Aldridge’s NSF award promotes persistence of engineering PhD students

Posted: November 17, 2022
Three chemical and biomolecular engineering researchers work in the lab.

A diverse engineering workforce leads to increased creativity and innovation, and more professionals with doctorates are needed in the field. But many engineering students from underrepresented groups abandon their doctoral programs before graduation.

Engineering Education Research Assistant Professor Julie Aldridge not only wants to find out why; she wants to stop it from happening. With funding from a recent National Science Foundation (NSF) Collaborative Research award, Aldridge is examining the organizational climates of engineering doctoral programs to guide efforts that promote the persistence and retention of doctoral students in engineering. Her project will receive $713,155 over four years and is supported by NSF's EHR Core Research program.

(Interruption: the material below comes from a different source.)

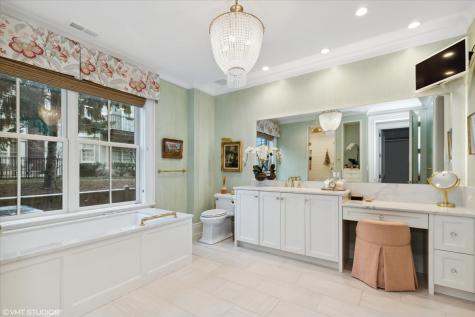 727 North Mckinley Road Lake Forest IL 60045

“The numbers tell us that women and women of color leave engineering PhD programs in greater numbers than men, and research tells us that a department’s climate can influence whether a student stays on and completes their doctorate,” said Aldridge.

Julie Aldridge
Aldridge

While the number of women completing STEM doctorates has risen, the proportion of women earning engineering PhDs remains low. And, in 2019, while 24.1% of engineering doctorates were earned by women, only 1.4% were earned by Hispanic, Black and Native American women.

“Student attrition results in a loss of talent to the national endeavor of research and discovery at universities fueling U.S. economic growth, and unwelcoming organizational climates in engineering doctoral programs likely contribute to this attrition,” said Aldridge. “Our team intends to create an instrument to measure those climates. We are designing a survey to find out how engineering doctoral students feel about being part of their departments.”

The goal of the project is to examine doctoral students’ perceptions of the factors that impact their persistence in degree completion and the differences in experiencing those factors based on intersecting social categories. Aldridge’s project adopts an explicitly intersectional approach to the meaning and relevance of students’ belonging to multiple social categories, including gender, race/ethnicity, and sexual orientation, considered within the context of engineering doctoral education. Drawing on organizational climate research and intersectionality theory, the project’s multidisciplinary team aims to use a student-centered approach to shed light on multiple climates by engaging with students from diverse groups.

“The NSF asked if we could expand the project’s scope and include a focus on engineering doctoral students who are members of the LGBTQ+ community,” said Aldridge. “This is a diverse group that often gets overlooked in research about how to increase diversity in engineering.”

To achieve a comprehensive picture of departmental climate and persistence—which may differ by intersectional group, major and institution type—iterative and complementary cycles of project implementation are planned during the four-year project. In year one, researchers will use findings from the quantitative pilot climate survey approach to inform the qualitative design. The team aims to repeat this process in year two to develop, refine and validate the final survey instrument. In partnership with the American Society for Engineering Education (ASEE), the final survey will be administered in years three and four to engineering doctoral students, and findings will be shared with engineering deans.

The research team includes: Nicole Else Quest, associate professor of women’s and gender studies at University of North Carolina at Chapel Hill; So Yoon Yoon, assistant professor of engineering and computing education at University of Cincinnati; and Joe Roy, director of institutional research and analytics at ASEE.

A social scientist who focuses on leadership and organizational innovation, Aldridge joined The Ohio State University’s Department of Engineering Education in 2020. Prior to that role, she was a postdoctoral scholar at Ohio State. She earned her bachelor’s in art at Wittenberg University in Springfield, Ohio; her master’s in natural resources from Ohio State; and her PhD in agricultural communication, education and leadership from Ohio State.